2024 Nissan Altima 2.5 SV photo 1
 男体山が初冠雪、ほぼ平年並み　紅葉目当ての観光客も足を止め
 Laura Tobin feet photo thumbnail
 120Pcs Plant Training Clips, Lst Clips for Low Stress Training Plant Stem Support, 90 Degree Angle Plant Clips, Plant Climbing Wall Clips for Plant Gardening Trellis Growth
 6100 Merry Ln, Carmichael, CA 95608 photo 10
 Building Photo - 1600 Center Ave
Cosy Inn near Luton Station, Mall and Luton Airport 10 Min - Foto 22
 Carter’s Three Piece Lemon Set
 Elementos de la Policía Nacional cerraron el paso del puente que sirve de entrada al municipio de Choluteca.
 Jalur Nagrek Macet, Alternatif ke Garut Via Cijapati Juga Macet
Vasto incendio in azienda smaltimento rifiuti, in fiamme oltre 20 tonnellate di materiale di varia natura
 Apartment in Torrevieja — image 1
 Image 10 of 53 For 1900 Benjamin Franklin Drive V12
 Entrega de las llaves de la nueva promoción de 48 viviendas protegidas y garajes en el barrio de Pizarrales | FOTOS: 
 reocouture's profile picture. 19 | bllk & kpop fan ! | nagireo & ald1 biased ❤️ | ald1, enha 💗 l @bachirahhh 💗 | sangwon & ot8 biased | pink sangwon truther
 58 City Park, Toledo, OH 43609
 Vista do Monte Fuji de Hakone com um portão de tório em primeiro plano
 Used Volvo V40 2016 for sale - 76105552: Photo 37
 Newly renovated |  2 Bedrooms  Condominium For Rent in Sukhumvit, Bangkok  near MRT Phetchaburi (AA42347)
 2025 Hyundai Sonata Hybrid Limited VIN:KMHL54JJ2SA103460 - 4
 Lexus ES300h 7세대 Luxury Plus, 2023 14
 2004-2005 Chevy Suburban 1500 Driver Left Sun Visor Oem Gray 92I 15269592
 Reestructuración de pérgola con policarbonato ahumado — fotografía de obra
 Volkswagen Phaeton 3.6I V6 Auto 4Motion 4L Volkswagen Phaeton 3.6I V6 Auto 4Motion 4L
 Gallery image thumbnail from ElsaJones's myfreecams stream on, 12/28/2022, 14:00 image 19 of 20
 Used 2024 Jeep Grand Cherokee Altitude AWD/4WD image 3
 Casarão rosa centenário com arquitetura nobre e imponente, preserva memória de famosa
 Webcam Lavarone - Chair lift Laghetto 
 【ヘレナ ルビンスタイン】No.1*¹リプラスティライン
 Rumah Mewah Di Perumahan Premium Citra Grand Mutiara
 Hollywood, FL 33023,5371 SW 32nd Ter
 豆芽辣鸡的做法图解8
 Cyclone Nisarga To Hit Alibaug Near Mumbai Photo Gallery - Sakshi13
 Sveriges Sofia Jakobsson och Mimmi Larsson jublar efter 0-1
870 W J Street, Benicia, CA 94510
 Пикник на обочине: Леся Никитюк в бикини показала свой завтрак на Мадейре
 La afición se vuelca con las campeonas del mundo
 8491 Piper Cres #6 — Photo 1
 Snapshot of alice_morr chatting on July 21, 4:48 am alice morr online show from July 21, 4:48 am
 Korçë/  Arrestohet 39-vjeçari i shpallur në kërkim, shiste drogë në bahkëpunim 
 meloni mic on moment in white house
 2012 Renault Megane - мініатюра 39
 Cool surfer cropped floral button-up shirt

Required action
The answer is the run of lines above from the line containing "reocouture's profile picture." through the line containing "Used Volvo V40", copied exactly and alone.

Written response
 reocouture's profile picture. 19 | bllk & kpop fan ! | nagireo & ald1 biased ❤️ | ald1, enha 💗 l @bachirahhh 💗 | sangwon & ot8 biased | pink sangwon truther
 58 City Park, Toledo, OH 43609
 Vista do Monte Fuji de Hakone com um portão de tório em primeiro plano
 Used Volvo V40 2016 for sale - 76105552: Photo 37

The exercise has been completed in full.